Records for this exercise START

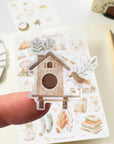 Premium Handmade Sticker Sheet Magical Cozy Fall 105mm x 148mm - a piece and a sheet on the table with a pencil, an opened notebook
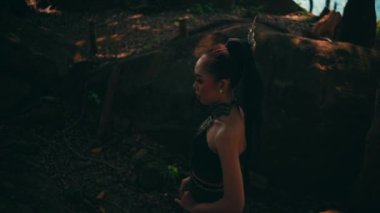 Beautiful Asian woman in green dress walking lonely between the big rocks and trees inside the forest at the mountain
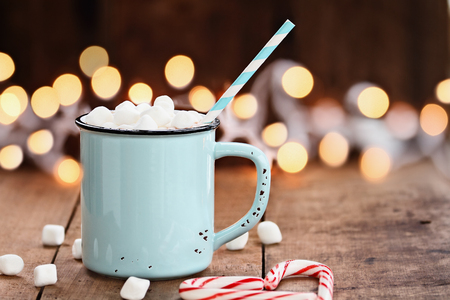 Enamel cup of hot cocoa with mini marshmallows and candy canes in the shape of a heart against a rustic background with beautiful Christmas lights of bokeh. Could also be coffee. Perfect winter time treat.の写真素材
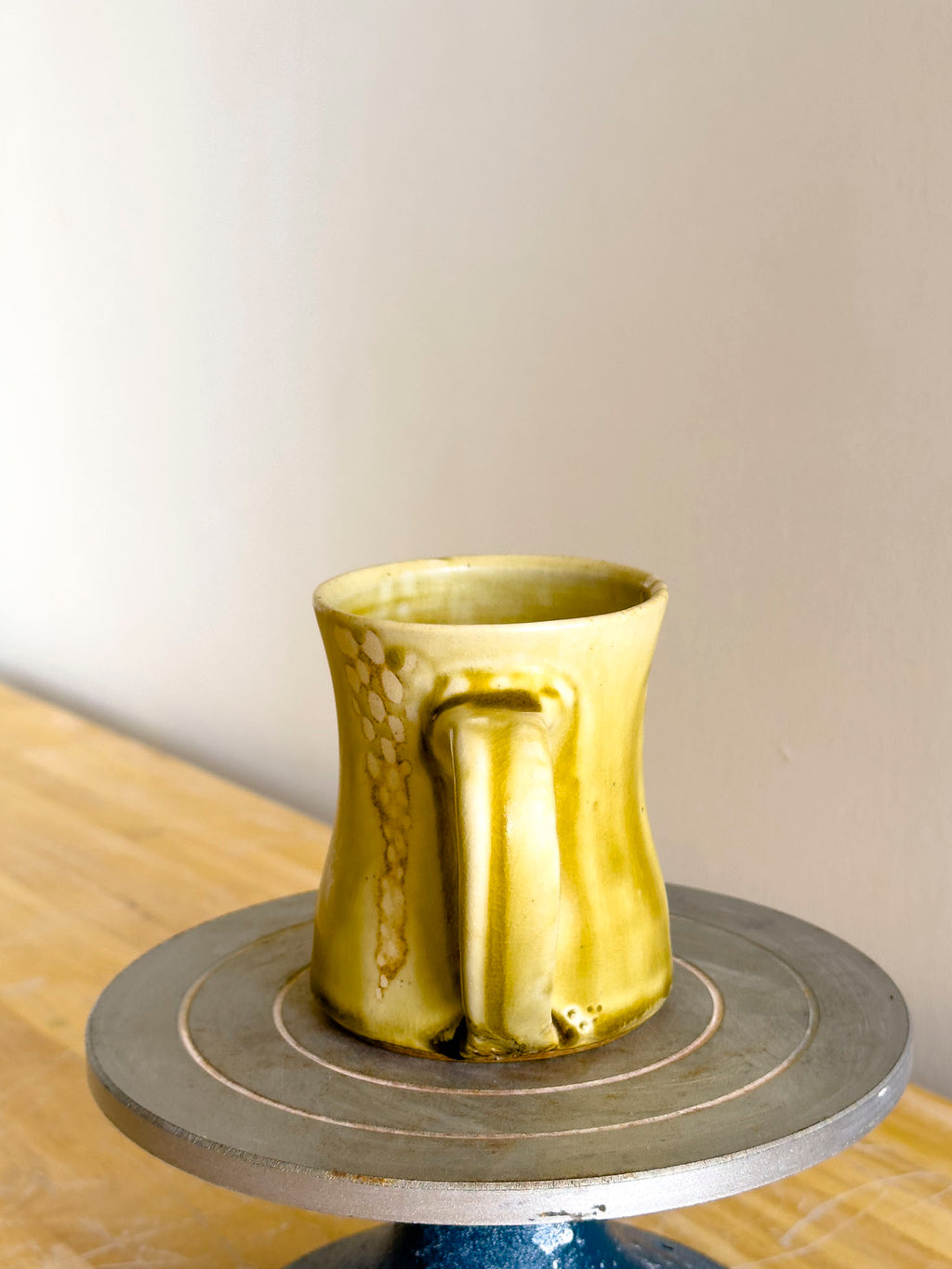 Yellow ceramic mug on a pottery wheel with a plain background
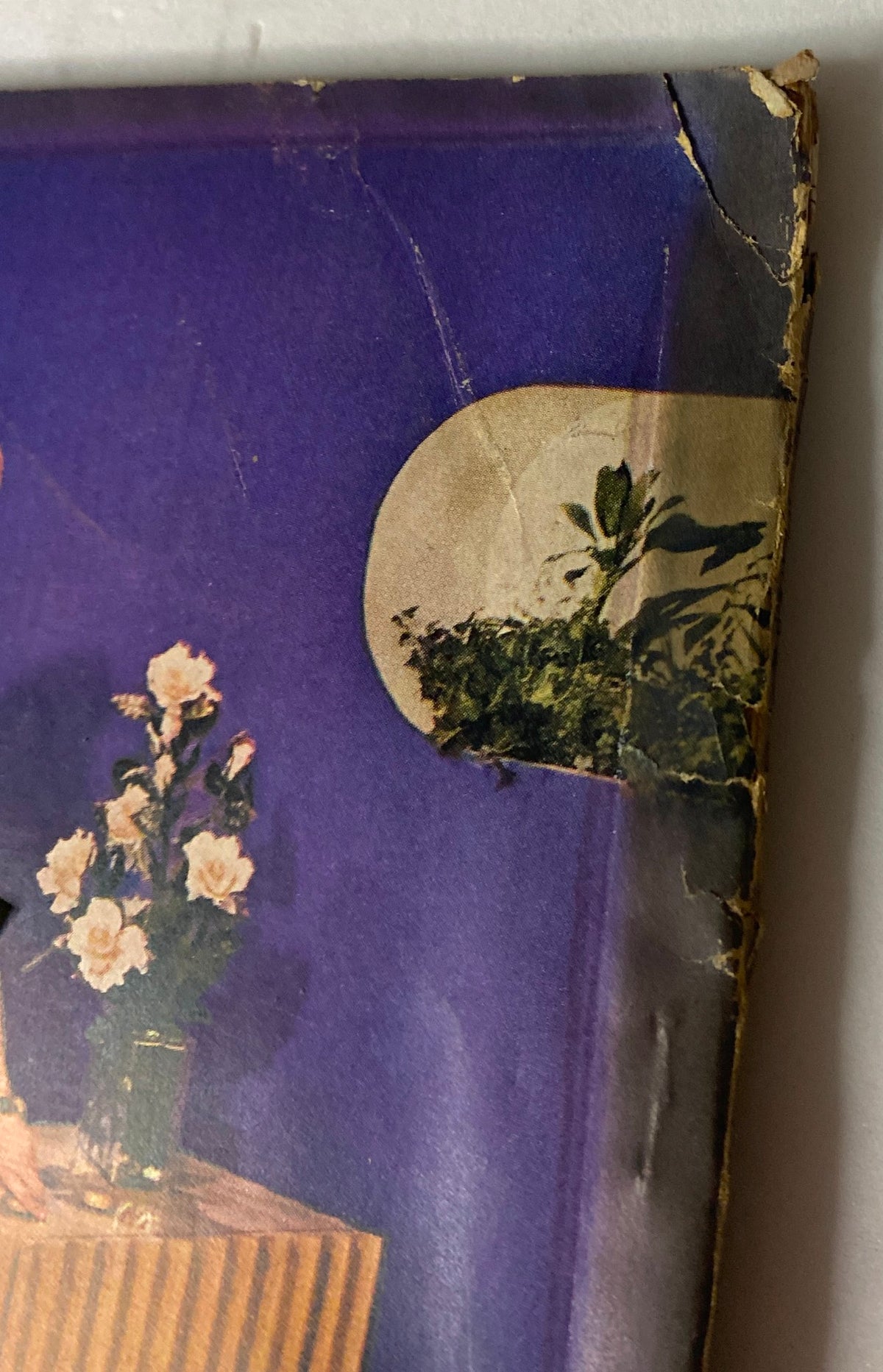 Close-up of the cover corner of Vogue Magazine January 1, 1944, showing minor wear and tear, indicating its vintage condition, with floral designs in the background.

Records for this exercise END

## [What needs to be done]
Restate the entire listing word for word, excluding pictures.

## [Result for this task]
 Premium Handmade Sticker Sheet Magical Cozy Fall 105mm x 148mm - a piece and a sheet on the table with a pencil, an opened notebook
 Beautiful Asian woman in green dress walking lonely between the big rocks and trees inside the forest at the mountain
 Enamel cup of hot cocoa with mini marshmallows and candy canes in the shape of a heart against a rustic background with beautiful Christmas lights of bokeh. Could also be coffee. Perfect winter time treat.の写真素材
 Yellow ceramic mug on a pottery wheel with a plain background
 Close-up of the cover corner of Vogue Magazine January 1, 1944, showing minor wear and tear, indicating its vintage condition, with floral designs in the background.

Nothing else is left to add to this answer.